Salisbury Road development: Crown Estate's revised plan cuts number of homes by a fifth
The Crown Estate has submitted revised outline plans for the housing development on their land west of the Salisbury Road opposite the business park. After responses from Wiltshire Council to their original application, they have reduced the number of houses to be built from 220 to "up to 175" - and are still retaining the hotel.
The cut in the number of new homes by one fifth follows the reduction in the size of the housing development from 7.6 hectares to 5.5 hectares. This is due primarily to the inclusion of a larger 'ecological mitigation' area and a revised landscape design to ensure building heights do not show above the horizon - maintaining the area's 'outstanding natural beauty'.
There have been 69 letters of representation from local people about the original plans. Consultation on these revised plans is open until November 19. The documents can be found here.
The enlarged 'ecological mitigation' area is perhaps the most significant addition to the scheme. It will be in the form of a wildflower meadow bordered on its two longest sides by newly planted trees.
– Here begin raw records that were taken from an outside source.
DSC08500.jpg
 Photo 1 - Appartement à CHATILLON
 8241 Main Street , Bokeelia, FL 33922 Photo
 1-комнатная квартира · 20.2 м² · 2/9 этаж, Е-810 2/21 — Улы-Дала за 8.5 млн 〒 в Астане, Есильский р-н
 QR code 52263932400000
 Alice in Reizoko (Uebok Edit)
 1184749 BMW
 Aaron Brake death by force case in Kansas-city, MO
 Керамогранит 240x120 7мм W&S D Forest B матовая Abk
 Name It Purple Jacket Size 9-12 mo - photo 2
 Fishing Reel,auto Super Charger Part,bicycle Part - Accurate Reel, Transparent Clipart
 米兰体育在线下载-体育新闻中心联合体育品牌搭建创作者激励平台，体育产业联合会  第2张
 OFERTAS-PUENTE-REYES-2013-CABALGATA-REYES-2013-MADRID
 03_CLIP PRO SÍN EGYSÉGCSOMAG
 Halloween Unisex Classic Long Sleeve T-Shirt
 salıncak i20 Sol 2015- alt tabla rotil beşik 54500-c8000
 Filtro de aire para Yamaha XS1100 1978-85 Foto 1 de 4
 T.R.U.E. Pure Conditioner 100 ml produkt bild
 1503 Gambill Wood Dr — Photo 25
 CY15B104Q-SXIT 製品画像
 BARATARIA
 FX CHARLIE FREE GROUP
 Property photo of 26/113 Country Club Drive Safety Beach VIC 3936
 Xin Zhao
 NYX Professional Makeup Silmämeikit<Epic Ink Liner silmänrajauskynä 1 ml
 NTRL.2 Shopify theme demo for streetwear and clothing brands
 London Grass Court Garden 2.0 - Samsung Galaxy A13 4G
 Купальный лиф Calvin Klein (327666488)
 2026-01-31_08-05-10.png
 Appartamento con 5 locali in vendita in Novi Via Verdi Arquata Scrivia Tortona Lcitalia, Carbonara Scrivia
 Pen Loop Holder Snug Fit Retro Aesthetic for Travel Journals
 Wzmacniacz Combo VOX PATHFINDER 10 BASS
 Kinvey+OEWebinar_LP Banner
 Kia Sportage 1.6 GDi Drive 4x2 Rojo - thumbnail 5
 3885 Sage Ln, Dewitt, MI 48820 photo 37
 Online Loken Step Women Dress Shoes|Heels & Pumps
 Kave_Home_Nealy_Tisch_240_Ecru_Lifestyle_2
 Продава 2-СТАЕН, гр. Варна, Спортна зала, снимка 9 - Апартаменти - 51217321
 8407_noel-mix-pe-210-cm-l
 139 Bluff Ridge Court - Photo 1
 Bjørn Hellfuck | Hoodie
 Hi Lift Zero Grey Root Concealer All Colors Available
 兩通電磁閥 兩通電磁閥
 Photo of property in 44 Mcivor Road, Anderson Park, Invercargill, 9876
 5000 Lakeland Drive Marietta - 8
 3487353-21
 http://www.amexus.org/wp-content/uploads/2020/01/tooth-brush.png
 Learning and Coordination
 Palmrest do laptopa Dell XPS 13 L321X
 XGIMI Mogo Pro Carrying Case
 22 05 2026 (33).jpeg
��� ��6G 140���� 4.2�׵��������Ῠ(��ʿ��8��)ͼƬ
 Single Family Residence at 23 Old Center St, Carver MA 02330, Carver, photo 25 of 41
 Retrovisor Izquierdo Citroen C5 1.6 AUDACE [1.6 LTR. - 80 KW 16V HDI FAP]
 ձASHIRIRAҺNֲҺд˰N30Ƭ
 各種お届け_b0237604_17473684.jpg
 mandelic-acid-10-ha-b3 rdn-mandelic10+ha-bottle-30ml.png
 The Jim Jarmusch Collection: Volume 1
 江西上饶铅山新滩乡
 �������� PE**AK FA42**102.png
It will also include a pond.
The aim is to provide "an extensive buffer between the southern edge of the development area and the Marlborough Tunnel." The grass, wildflowers and trees will provide appropriate habitats for bats, dormice and reptiles.
There will be 'stock proof fencing' along the eastern and western boundaries of this area to discourage access to the Marlborough Tunnel (and its bats), and to the disused railway line, and also to discourage people using the public right of way from entering the wildflower meadow.
The Crown Estate is now 'seeking to expedite delivery of the Salisbury Road Strategic Site'. They are calling in aid the Wiltshire Core Strategy (which requires 'tangible progress' to be made on this site within 18 months of the adoption of the Core Strategy) and the government's National Planning Policy Framework (which says plans that 'accord with the development plan should be approved without delay.')
The Crown Estate's covering letter points out that their new plans could come before the Council's planning committees being held in November and the first ten days of December. Wiltshire Council has set the target date for a decision on the revised plans as 8 February 2016.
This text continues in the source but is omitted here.